Source data:

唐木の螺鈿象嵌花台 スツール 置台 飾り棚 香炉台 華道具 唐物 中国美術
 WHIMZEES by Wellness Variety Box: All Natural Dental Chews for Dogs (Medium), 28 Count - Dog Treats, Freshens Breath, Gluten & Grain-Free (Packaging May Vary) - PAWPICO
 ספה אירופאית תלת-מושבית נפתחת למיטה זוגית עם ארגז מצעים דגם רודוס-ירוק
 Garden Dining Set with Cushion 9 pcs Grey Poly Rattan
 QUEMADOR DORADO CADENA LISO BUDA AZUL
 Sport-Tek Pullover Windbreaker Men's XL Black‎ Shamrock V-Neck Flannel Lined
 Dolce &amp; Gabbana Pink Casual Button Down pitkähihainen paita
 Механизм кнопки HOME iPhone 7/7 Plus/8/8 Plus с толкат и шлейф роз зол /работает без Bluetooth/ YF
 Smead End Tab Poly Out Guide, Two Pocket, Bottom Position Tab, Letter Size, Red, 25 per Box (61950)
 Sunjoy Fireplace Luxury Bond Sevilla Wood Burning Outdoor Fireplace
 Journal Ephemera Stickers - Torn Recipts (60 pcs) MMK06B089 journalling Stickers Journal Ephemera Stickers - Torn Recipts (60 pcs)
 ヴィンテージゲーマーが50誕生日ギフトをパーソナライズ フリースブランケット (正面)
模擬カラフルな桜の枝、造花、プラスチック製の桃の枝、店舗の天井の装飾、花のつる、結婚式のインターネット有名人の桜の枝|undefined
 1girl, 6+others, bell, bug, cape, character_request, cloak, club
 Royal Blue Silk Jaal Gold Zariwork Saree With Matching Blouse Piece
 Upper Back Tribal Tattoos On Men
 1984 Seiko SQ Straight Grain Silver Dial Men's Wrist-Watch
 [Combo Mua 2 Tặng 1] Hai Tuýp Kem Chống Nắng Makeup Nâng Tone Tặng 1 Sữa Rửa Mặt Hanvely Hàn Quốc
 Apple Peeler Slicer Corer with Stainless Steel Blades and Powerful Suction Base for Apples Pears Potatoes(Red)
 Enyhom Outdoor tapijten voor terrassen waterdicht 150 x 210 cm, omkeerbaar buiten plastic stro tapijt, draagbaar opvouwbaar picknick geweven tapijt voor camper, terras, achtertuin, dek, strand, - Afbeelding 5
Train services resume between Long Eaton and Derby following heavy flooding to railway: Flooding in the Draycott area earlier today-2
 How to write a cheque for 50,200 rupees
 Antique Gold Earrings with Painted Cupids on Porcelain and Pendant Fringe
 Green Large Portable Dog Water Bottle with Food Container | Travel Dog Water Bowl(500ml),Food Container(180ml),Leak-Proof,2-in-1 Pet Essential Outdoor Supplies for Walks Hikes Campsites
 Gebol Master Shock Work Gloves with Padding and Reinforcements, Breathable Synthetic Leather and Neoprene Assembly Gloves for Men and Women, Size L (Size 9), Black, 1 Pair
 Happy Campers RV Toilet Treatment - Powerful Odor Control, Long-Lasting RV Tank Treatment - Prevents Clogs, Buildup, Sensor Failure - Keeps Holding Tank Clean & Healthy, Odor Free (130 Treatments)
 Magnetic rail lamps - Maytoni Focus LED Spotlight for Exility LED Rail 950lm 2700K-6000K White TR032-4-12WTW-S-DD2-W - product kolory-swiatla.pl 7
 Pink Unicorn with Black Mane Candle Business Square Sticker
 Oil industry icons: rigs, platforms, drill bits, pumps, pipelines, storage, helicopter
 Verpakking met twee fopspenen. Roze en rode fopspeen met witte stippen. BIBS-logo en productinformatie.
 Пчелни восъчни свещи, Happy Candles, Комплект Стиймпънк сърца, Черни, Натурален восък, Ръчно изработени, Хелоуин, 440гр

The problem: If a line of the entries above holds the word "Happy", count it; report only how many such lines there are.

Answer to this task: 2